Este tipo de cosas nos pasan mucho en la vida. Sin darnos cuenta, creamos castillos en el aire que alimentan nuestra desesperanza cuando vemos que la realidad no tiene nada que ver con lo que imaginamos. Hay personas que esto lo llevan mejor (borrón, cuenta nueva y a otra cosa mariposa) y otras que lo llevan mucho peor.
Cuando dejas –por ejemplo- de esperar que tu pareja se ajuste al patrón ideal que te has hecho de ella, dejas de sufrir por su causa; cuando dejas de esperar que el proyecto en el que estás embarcado se ajuste al patrón o idea que te has hecho de él, dejas de sufrir por este motivo. La vida se nos escapa en el esfuerzo de ajustarla a nuestras ideas y apetencias.
Ni debemos construirnos falsas esperanzas, ni debemos construirlas a otros. Es un flaco favor. El germen de la desilusión está en la dolorosa fabricación de una ilusión inalcanzable. Ayudar a alguien que pasa por ese trance resulta capital. Es duro hacerle ver que sus esfuerzos están seguramente encaminados al vacío. Pero no queda otra.

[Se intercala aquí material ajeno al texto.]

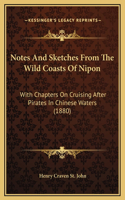 Notes And Sketches From The Wild Coasts Of Nipon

Debemos avisarles que van directos a estrellarse contra un muro porque no es por ahí por donde deben pasar. No deberíamos chocar contra la mayoría de los muros contra los que de hecho chocamos. Esos muros no deberían estar ahí porque nunca deberíamos haberlos construido.
¿Por qué no coges unos prismáticos esta semana y miras cual es el siguiente muro hacia el que vas directo y con el que te estrellarás si no cambias de dirección en este momento?